Setelah negosiasi, lingkungan di sekitar rumah Sofia lebih sering dipenuhi oleh pejalan kaki yang berlalu-lalang. Mereka ini sebenarnya adalah anggota geng motor yang menyamar dan diberi tugas untuk mengawasi area sekitar, sekiranya ada gerak-gerik mencurigakan dari unit polisi khusus maupun intelijen. Karena keberadaan mereka yang ditugaskan pula untuk mengawasiku, pada akhirnya aku diizinkan untuk keluar dari kediamannya sementara untuk melakukan urusanku.

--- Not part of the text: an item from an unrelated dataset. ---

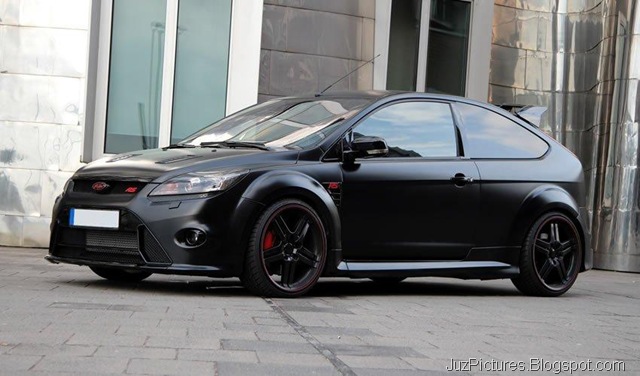 [Anderson Germany Ford Focus RS Black Racing Edition[2].jpg]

Aku mengendarai mobilku menuju tempat tukang cukur terdekat karena rambutku sudah terlalu panjang. Aku ingin merapikannya. Sebenarnya aku tidak ingin memotong rambutku, tetapi panjang rambutku sudah cukup mengganggu.
Mobil yang kukendarai akhirnya sampai di tempat cukur. Mobil kuparkir secara pararel lalu aku keluar dari mobil, menguncinya, dan berjalan menuju pintu masuk. Aku membuka pintunya dan melihat sosok orang tua yang sedang mencukur rambut salah seorang pelanggan. Aku duduk di kursi tunggu, menunggunya selesai mencukur rambut pelanggan yang sedang dia cukur.

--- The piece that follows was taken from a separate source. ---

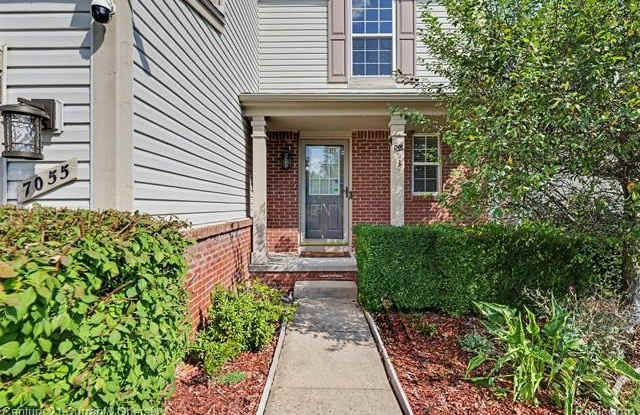 7055 Oakridge Drive Gallery 2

Setelah selesai dengan pelanggan sebelumnya, kini giliranku. Dia memakaikanku handuk di leher belakangku kemudian memasang kain penutup cukur rambut menutupi tubuhku.
“Rapiin aja, Sep?” tanyanya.
“Nuhun, Mang,” jawabku padanya.
Dia mulai mencukur rambutku sampai rambutku terlihat rapi dan klimis. Saat selesai, aku melihat gaya rambutku sekarang lebih mirip dengan gaya rambut Ludwig. Melihat bayanganku di cermin yang mirip dengannya membuatku tertegun dan merasakan suram. Aku menarik napas dalam-dalam dan menganggukkan kepalaku padanya, memberitahukannya bahwa aku sudah puas dengan hasil pekerjaannya.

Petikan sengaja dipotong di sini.